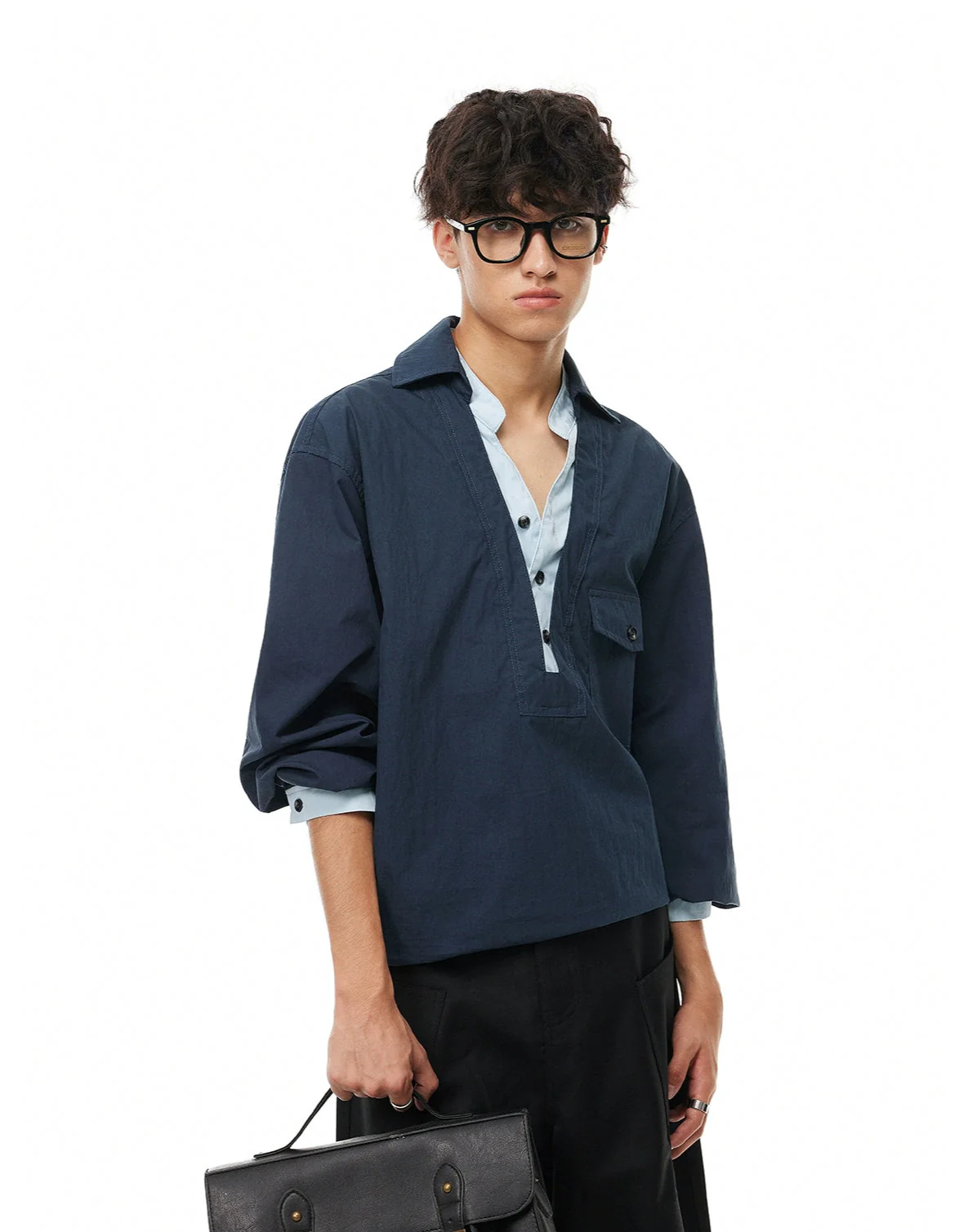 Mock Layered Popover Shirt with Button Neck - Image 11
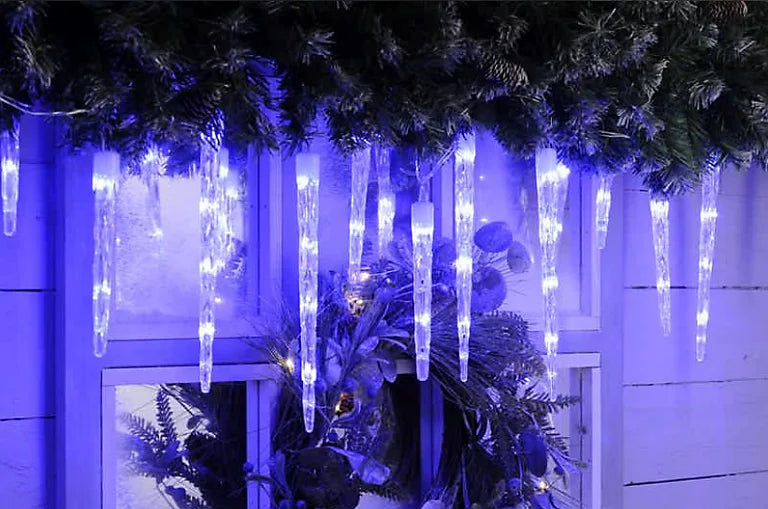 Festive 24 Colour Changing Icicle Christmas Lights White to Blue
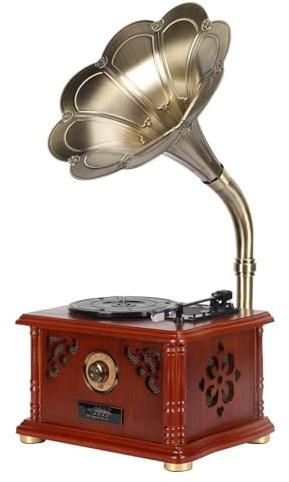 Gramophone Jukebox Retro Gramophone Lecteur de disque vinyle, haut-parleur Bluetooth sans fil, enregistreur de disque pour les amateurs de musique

- - -

The whole listing is to be written out exactly; the pictures stay out of the copy.

PROBLEM SOLUTION
 Mock Layered Popover Shirt with Button Neck - Image 11
 Festive 24 Colour Changing Icicle Christmas Lights White to Blue
 Gramophone Jukebox Retro Gramophone Lecteur de disque vinyle, haut-parleur Bluetooth sans fil, enregistreur de disque pour les amateurs de musique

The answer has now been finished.